__EXERCISE DESCRIPTION__
Each line of the data below holding the word "Мефедрон" must be copied.

__SOURCE DATA__
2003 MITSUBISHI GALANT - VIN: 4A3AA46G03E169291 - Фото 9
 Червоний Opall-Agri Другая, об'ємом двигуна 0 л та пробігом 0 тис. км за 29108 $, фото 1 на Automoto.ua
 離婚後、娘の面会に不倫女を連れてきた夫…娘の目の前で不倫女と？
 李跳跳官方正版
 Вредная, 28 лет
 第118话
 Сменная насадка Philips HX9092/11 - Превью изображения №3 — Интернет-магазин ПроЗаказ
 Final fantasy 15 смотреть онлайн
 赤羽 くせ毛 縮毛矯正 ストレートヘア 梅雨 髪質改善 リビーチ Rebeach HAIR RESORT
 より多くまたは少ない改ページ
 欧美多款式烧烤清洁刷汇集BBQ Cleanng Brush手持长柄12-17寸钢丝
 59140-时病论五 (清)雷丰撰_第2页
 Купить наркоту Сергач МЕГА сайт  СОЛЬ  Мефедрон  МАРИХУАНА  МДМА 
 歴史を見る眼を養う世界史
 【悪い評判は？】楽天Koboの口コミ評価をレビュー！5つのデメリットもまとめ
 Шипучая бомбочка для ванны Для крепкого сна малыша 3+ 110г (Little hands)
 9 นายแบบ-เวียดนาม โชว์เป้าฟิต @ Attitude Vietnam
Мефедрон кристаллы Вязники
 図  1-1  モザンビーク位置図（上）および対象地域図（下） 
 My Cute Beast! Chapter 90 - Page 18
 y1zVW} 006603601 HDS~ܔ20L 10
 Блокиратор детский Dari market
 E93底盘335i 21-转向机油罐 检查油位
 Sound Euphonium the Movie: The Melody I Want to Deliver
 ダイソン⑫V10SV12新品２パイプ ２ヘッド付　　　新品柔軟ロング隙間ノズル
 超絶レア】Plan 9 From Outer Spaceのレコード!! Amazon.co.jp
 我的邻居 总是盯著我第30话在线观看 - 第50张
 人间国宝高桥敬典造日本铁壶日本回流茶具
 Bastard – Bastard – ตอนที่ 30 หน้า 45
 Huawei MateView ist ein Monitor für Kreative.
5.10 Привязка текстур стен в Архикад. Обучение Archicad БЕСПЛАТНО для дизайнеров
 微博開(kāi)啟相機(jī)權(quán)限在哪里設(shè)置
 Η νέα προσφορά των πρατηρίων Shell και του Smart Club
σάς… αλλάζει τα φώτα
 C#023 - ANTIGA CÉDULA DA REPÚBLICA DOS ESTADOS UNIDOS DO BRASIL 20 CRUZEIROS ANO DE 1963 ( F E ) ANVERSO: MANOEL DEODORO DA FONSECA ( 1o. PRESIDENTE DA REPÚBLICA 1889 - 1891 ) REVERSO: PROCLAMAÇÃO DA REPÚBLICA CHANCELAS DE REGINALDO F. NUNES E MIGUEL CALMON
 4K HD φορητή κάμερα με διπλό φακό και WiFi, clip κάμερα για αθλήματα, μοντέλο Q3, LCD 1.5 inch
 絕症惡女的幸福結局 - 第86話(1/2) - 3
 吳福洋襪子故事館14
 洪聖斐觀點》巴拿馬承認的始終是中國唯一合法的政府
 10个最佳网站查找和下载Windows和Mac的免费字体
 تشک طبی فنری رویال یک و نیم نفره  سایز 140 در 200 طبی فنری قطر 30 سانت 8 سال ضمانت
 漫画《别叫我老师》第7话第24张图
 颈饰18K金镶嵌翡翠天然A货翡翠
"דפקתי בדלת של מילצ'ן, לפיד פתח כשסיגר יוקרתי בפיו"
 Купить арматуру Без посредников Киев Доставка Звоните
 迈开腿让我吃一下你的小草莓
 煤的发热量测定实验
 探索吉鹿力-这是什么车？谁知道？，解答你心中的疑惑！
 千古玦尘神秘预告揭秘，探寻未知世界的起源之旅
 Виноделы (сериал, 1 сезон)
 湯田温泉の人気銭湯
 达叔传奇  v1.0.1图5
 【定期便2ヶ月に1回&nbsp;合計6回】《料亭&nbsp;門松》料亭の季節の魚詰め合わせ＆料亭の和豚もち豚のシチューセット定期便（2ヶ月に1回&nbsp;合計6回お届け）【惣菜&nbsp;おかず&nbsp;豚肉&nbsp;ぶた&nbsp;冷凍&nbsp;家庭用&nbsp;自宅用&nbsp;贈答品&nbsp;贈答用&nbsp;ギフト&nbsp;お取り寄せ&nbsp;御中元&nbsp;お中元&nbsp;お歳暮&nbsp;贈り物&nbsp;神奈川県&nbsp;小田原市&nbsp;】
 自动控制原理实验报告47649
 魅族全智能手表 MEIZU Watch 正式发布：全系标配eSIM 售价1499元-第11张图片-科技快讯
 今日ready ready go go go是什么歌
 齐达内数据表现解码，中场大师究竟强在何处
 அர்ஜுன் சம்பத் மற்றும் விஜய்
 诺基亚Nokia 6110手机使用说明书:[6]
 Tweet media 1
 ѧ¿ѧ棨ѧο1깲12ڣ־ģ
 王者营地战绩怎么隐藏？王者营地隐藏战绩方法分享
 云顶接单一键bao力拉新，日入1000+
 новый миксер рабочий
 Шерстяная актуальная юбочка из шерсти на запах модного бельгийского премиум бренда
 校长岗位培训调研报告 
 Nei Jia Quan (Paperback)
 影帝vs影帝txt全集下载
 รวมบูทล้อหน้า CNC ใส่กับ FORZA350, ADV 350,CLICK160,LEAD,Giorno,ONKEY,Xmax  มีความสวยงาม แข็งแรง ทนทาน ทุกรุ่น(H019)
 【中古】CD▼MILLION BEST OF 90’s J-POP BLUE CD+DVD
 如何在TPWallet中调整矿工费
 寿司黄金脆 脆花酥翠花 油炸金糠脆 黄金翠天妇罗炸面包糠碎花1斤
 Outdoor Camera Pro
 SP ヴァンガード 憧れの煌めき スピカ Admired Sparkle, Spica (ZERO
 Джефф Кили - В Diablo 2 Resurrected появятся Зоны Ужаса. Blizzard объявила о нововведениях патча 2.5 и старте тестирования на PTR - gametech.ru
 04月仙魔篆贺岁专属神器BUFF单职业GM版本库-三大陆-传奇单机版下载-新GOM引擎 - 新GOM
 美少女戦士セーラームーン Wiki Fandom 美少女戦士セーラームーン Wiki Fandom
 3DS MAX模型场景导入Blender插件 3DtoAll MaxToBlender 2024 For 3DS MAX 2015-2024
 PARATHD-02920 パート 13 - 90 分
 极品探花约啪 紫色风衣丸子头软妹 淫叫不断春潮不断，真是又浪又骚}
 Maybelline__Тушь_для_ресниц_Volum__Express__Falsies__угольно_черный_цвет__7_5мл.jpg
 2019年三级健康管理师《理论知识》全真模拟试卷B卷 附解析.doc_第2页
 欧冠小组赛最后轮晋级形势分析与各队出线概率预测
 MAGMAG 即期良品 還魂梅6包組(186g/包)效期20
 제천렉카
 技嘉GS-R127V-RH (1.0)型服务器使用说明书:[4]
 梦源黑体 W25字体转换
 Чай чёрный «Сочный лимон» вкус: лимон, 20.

__ANSWER__
 Купить наркоту Сергач МЕГА сайт  СОЛЬ  Мефедрон  МАРИХУАНА  МДМА 
Мефедрон кристаллы Вязники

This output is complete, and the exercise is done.